What JSON Mode Guarantees (and Doesn't)

Aspect	Guaranteed?	Notes
Valid JSON syntax	✅ Yes	Will always parse without errors
Correct field names	❌ No	Might use "fullName" instead of "name"
Correct types	❌ No	Might return "25" (string) instead of 25 (number)
All fields present	❌ No	Might omit optional fields
No extra fields	❌ No	Might add fields you didn't ask for

JSON mode is necessary but not sufficient. You also need schema validation.

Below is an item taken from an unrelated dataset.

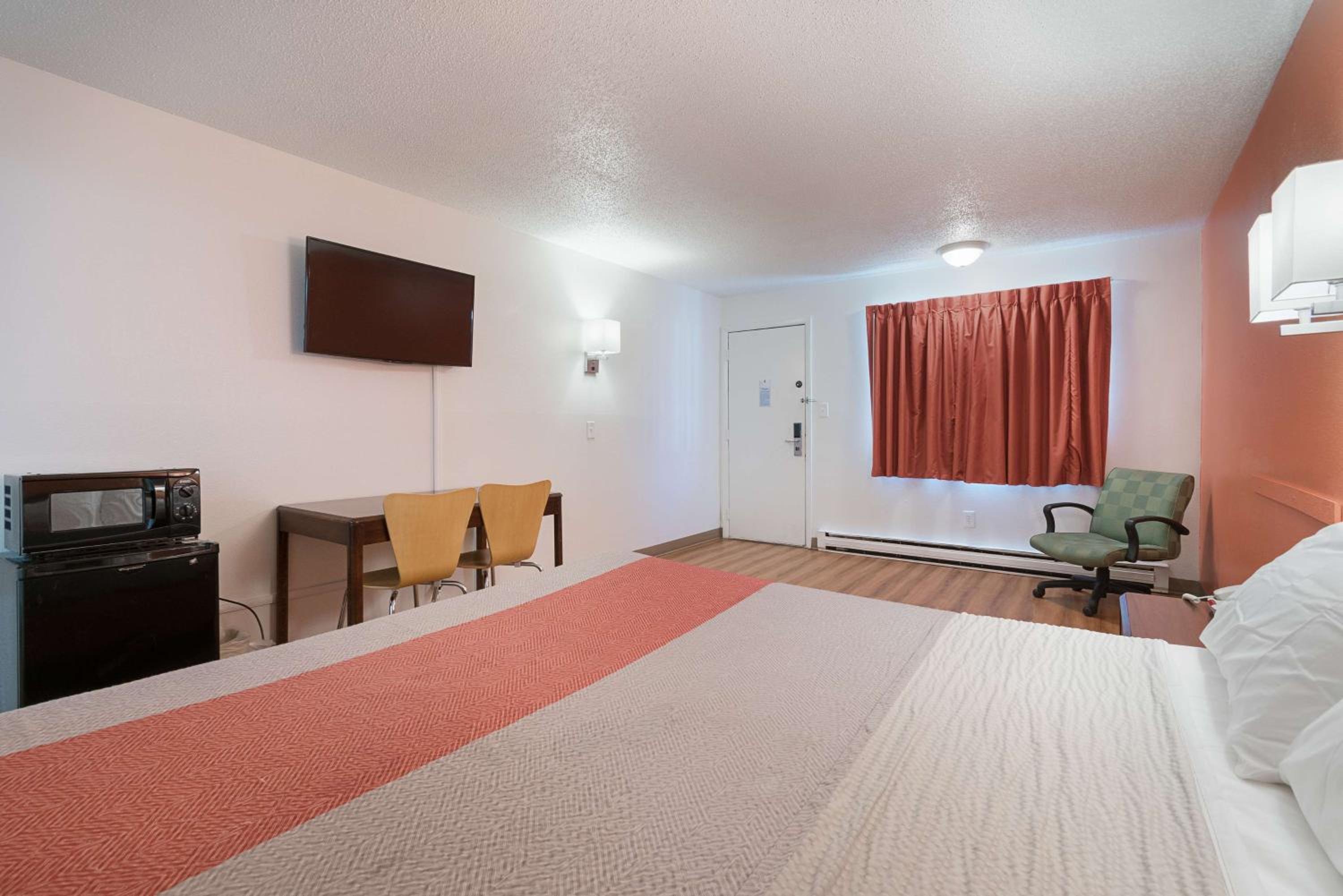 King Room - Non-Smoking - Photo 9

4. Schema-First Extraction with Pydantic

Pydantic lets you define exactly what shape your data should have—and validates it at runtime.

Setup

uv add pydantic

Basic Schema Validation

pydantic_extraction.py
"""
Pydantic Schema Validation
==========================
Define your schema, validate the output.
"""

import json
from pydantic import BaseModel, Field, ValidationError
from openai import OpenAI
from dotenv import load_dotenv

load_dotenv()

client = OpenAI()


# ─────────────────────────────────────────────────────────────────────────────
# Define Your Schema
# ─────────────────────────────────────────────────────────────────────────────

class Person(BaseModel):
    """Schema for extracted person data."""
    
    name: str = Field(description="The person's full name")
    company: str | None = Field(default=None, description="Company they work for")
    age: int | None = Field(default=None, description="Age in years")
    email: str | None = Field(default=None, description="Email address")


class ExtractionResult(BaseModel):
    """Wrapper for extraction results."""
    
    people: list[Person] = Field(description="List of people mentioned")
    topics: list[str] = Field(description="Topics discussed")
    sentiment: str = Field(description="Overall sentiment: positive, negative, or neutral")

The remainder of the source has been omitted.